Triage node-level issues in Red Hat OpenShift and Kubernetes using crictl

The number of available container runtimes has grown since the release of the Open Container Initiative and runtime-spec (runc). This growth is due to Kubernetes introducing the Container Runtime Interface (CRI) that provides a common interface for interactions between kubelet and the container runtime. 

While the original container runtimes like Docker and RKT aimed to meet multiple use cases having complete userspace CLI tools, newer container runtimes such as CRI-O, runC, and crun are targeted at Kubernetes-only use cases and do not have CLI tooling.

One solution for this lack of a CLI is cri-tools. It provides the tool crictl, a common interface to triage issues locally on a Kubernetes node regardless of the container runtime leveraged by Kubelet. The Kubernetes sig-node group released these tools.

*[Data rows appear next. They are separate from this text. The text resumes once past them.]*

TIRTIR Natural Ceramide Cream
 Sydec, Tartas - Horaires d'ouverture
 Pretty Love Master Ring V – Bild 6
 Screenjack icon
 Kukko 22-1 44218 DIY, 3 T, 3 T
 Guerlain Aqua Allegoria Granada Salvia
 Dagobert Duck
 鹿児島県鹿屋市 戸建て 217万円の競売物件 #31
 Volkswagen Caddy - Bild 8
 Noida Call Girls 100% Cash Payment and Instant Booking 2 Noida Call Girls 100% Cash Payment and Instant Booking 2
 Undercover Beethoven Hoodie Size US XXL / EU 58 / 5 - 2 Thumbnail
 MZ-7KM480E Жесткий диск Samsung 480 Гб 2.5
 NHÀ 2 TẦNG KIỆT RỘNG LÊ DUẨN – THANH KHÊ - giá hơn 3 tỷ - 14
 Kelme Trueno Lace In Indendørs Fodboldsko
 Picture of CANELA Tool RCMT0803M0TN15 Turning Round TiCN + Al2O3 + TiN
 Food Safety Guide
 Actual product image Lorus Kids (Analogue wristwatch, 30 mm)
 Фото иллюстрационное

This article will highlight useful commands that assist a systems administrator in understanding the state of containers running on a specific node in a Kubernetes cluster. This is helpful with container workload issues on a particular cluster node, especially when they impact the node's ability to communicate in the cluster.

Investigate images

Kubernetes caches container images locally in the runtime's image store. Issues can occur where images differ between nodes, leading to inconsistent deployment behavior. You can identify these differences using the commands covered below.

The command crictl images lists the container images cached locally on the node. This command also shows system images that make up components of the cluster, including the images of cluster-level components.

You can list images by using kubectl get pods, but this does not show system containers and requires using template filtering of the output to get a clear list. The Kubernetes documentation has a comprehensive how-to here.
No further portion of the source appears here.